Training Bit Fully Convolutional Network for Fast Semantic Segmentation
This addresses efficiency issues for real-time semantic segmentation applications, though it is incremental as it builds on existing quantization methods.
The paper tackles the problem of high computational and memory requirements in fully convolutional networks for semantic segmentation by proposing a Bit Fully Convolutional Network with low bit-width weights and activations, achieving a 7.8x speedup on CPU with comparable performance to 32-bit networks.
Fully convolutional neural networks give accurate, per-pixel prediction for input images and have applications like semantic segmentation.

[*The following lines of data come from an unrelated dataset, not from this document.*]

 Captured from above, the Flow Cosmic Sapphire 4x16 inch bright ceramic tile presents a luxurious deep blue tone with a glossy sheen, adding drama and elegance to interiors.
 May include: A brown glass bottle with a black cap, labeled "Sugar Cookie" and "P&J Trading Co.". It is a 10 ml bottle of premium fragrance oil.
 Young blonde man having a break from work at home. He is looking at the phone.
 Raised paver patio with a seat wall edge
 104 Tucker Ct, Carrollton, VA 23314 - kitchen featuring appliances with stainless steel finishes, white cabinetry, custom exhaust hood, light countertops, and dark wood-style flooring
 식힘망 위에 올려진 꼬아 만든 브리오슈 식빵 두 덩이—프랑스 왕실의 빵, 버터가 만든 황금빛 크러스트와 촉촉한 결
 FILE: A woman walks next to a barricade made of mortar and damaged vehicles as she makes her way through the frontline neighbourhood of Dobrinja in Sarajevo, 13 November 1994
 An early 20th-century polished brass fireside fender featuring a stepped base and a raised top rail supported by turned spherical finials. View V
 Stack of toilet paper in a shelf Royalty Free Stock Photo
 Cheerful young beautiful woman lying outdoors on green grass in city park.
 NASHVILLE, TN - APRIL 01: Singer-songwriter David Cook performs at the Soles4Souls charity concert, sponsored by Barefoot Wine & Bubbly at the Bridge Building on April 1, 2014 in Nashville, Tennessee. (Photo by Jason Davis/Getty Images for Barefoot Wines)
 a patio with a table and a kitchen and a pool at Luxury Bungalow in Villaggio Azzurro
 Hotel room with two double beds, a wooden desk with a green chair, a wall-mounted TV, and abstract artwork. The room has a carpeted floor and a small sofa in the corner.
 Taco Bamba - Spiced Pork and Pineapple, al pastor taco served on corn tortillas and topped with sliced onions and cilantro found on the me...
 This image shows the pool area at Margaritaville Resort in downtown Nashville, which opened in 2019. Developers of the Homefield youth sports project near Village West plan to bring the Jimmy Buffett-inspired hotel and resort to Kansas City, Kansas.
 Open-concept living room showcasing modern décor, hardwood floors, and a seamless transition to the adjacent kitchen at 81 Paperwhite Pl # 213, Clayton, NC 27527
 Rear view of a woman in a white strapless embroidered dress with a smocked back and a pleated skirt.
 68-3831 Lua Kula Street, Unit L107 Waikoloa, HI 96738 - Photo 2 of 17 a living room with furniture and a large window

However, a typical FCN usually requires lots of floating point computation and large run-time memory, which effectively limits its usability. We propose a method to train Bit Fully Convolution Network (BFCN), a fully convolutional neural network that has low bit-width weights and activations. Because most of its computation-intensive convolutions are accomplished between low bit-width numbers, a BFCN can be accelerated by an efficient bit-convolution implementation. On CPU, the dot product operation between two bit vectors can be reduced to bitwise operations and popcounts, which can offer much higher throughput than 32-bit multiplications and additions. To validate the effectiveness of BFCN, we conduct experiments on the PASCAL VOC 2012 semantic segmentation task and Cityscapes. Our BFCN with 1-bit weights and 2-bit activations, which runs 7.8x faster on CPU or requires less than 1\% resources on FPGA, can achieve comparable performance as the 32-bit counterpart.